"Find in files" special characters not working anymore



  • Hello.

    I’ve been Search and Replacing in a bunch of files for years till one day.

    I have TV shows subtitles containing special characters that don’t show up on my TV, so I replace those with normal letters and they’re a lot, so I need to batch.

    The chars don’t show as they should in notepad++ either, though I’m on UTF-8, they are ș ț Ș Ț and I was replacing them like this:

    º -> s
    þ -> t
    ª -> S
    Þ -> T

    Find in current file works just fine on my characters. Find and replace in files works just fine on normal letters.

    For example if I search for º in the open file it finds it just fine. Not in Find in Files, I get 0 results. But if look for any normal letter it works as it should.
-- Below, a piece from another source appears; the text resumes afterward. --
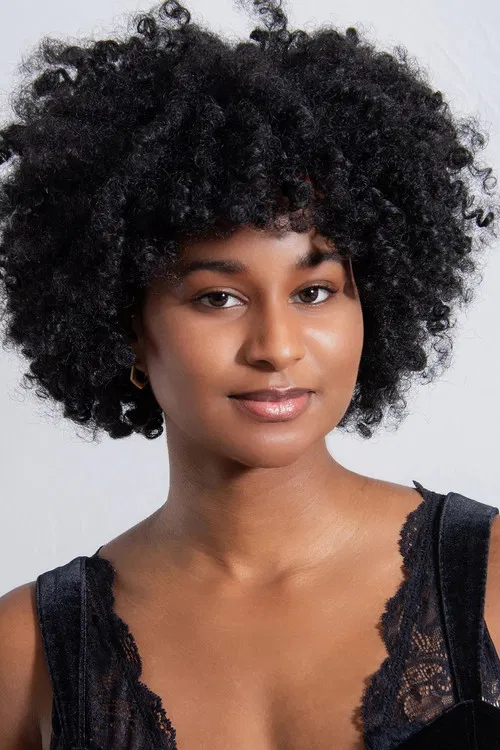 Naiomi Israel profile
    I’ve reinstalled hoping some setting blew up but no luck, probably something on my part :(

    Notepad++ v7.7.1 (64-bit)
    Build time : Jun 16 2019 - 21:24:47
    Path : C:\Program Files\Notepad++\notepad++.exe
    Admin mode : OFF
    Local Conf mode : OFF
    OS : Windows 10 (64-bit)
    Plugins : AutoSave.dll BetterMultiSelection.dll Explorer.dll mimeTools.dll NppConverter.dll NppToolBucket.dll PreviewHTML.dll



  • Hello, @Pro-Bg and All,

    You said, in your post :

    The chars don’t show as they should in notepad++ either, though I’m on UTF-8, they are ș ț Ș Ț and I was …
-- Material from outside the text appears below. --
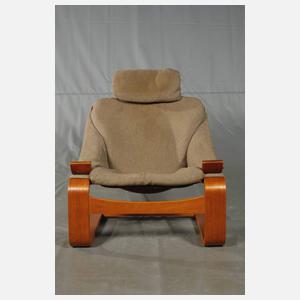 Lounge Chair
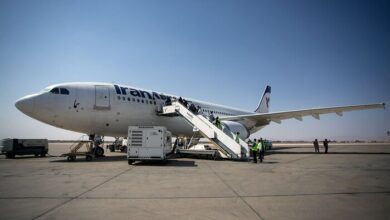 ممنوعیت واگذاری زمین در شهر تهران به دلیل کم آبی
    So, seemingly, you refer to the 4 characters, below :

    From the Latin Extended-B Unicode Script [ 0180 – 024F ] :
    
    |  0218  |  Letter Ș  |  LATIN CAPITAL LETTER S WITH COMMA BELOW  |
    
    |  0219  |  Letter ș  |  LATIN SMALL LETTER S WITH COMMA BELOW    |
    
    |  021A  |  Letter Ț  |  LATIN CAPITAL LETTER T WITH COMMA BELOW  |
    
    |  021B  |  Letter ț  |  LATIN SMALL LETTER T WITH COMMA BEL      |
    

    See, to that purpose :

    http://www.unicode.org/charts/PDF/U0180.pdf

    However, after some searches and from the characters you see, effectively, in your file ( characters ª º Þ and þ ), due to an erroneous encoding, I suppose that you refer, instead, to these 4 characters :

    From the Latin Extended-A Unicode Script [ 0100 - 017F ] :
    
    |  015E  |  Letter Ş  |  LATIN CAPITAL LETTER S WITH CEDILLA  |
    
    |  015F  |  Letter ş  |  LATIN SMALL LETTER S WITH CEDILLA    |
    
    |  0162  |  Letter Ţ  |  LATIN CAPITAL LETTER T WITH CEDILLA  |
    
    |  0163  |  Letter ţ  |  LATIN SMALL LETTER T WITH CEDILLA    |
    

    See, to that purpose :

    http://www.unicode.org/charts/PDF/U0100.pdf

    Note that if you intend to copy /paste some characters from these PDF files, of the Unicode Consortium, I advice you to download them, first. Just because, depending of your browser, some characters, although well displayed, may not be correctly pasted :-((

    So, before going any further, which kind of characters are you referring to ? Indeed, depending of the set of characters used , we should need a different font, which properly handles these characters and correctly displays their glyphs !

    See you later,

    Best Regards,

    guy038



  • Sorry, I was looking at another file and presumed all are UTF-8, but noticed later that they’re ANSI. That how the subbers made them, I have no idea.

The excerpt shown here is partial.